- Records from a dataset -
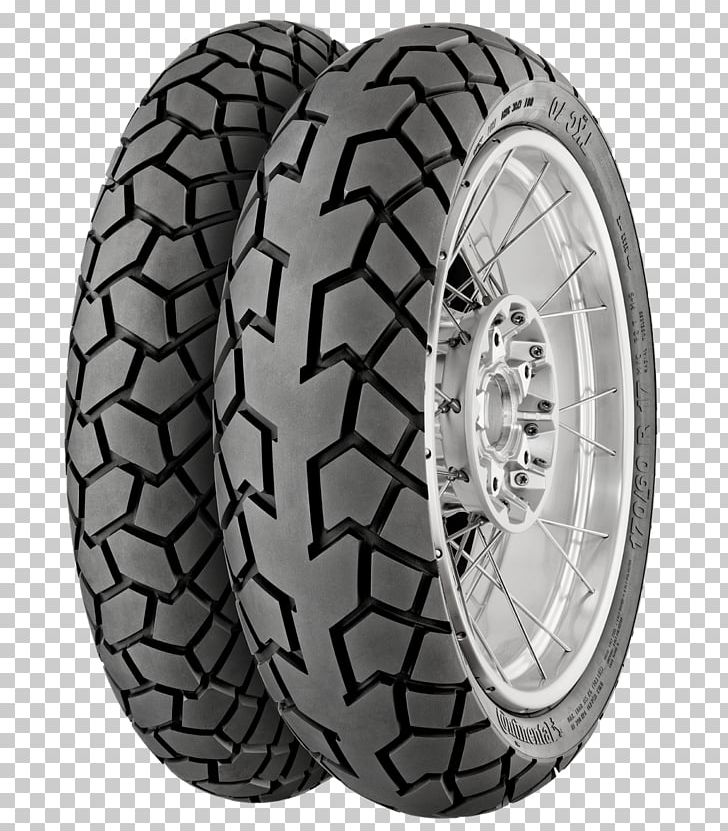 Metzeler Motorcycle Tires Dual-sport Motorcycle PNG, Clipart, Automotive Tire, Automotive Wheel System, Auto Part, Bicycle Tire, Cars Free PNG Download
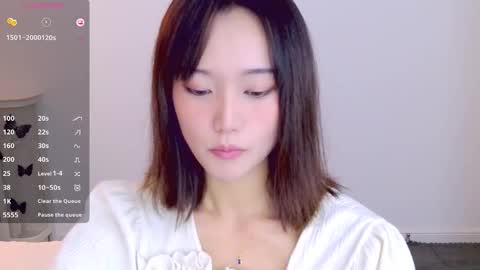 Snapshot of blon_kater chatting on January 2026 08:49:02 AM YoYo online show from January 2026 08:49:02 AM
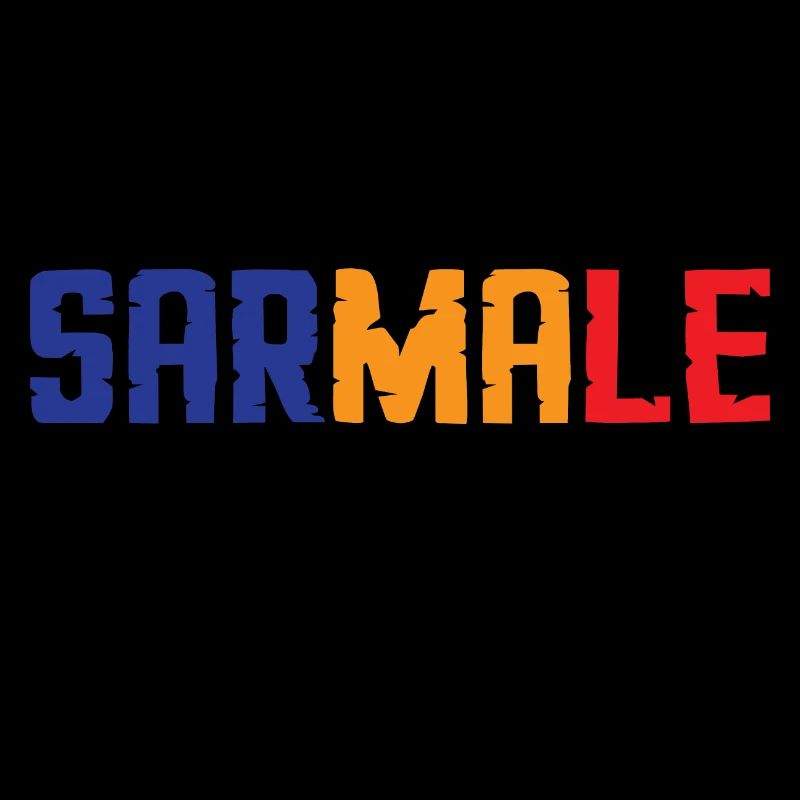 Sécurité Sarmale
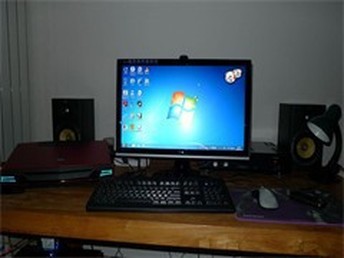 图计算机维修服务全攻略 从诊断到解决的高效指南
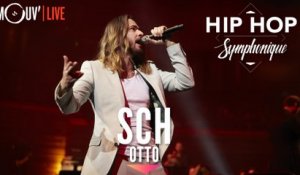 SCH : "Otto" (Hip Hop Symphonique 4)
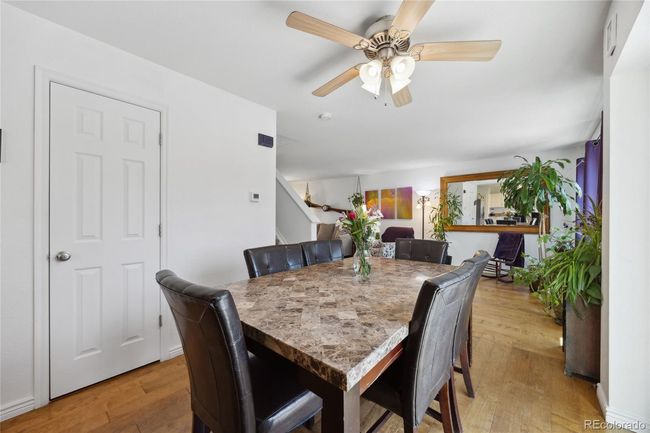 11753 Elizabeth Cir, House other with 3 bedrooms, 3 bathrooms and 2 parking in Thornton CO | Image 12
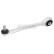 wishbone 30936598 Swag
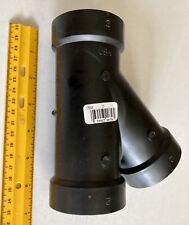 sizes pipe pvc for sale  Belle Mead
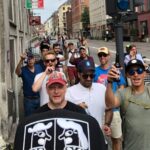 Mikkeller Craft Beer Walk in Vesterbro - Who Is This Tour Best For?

--

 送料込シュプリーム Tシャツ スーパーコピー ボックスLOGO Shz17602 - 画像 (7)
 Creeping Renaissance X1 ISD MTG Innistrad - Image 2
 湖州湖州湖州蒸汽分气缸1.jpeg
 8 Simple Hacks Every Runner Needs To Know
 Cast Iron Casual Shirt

- Task requirements -
Please copy the lines above exactly, starting at the line that holds "11753 Elizabeth Cir, House" and ending at the line that holds "Mikkeller Craft Beer"; include both, but no pictures.

- Response to this task -
 11753 Elizabeth Cir, House other with 3 bedrooms, 3 bathrooms and 2 parking in Thornton CO | Image 12
 wishbone 30936598 Swag
 sizes pipe pvc for sale  Belle Mead
 Mikkeller Craft Beer Walk in Vesterbro - Who Is This Tour Best For?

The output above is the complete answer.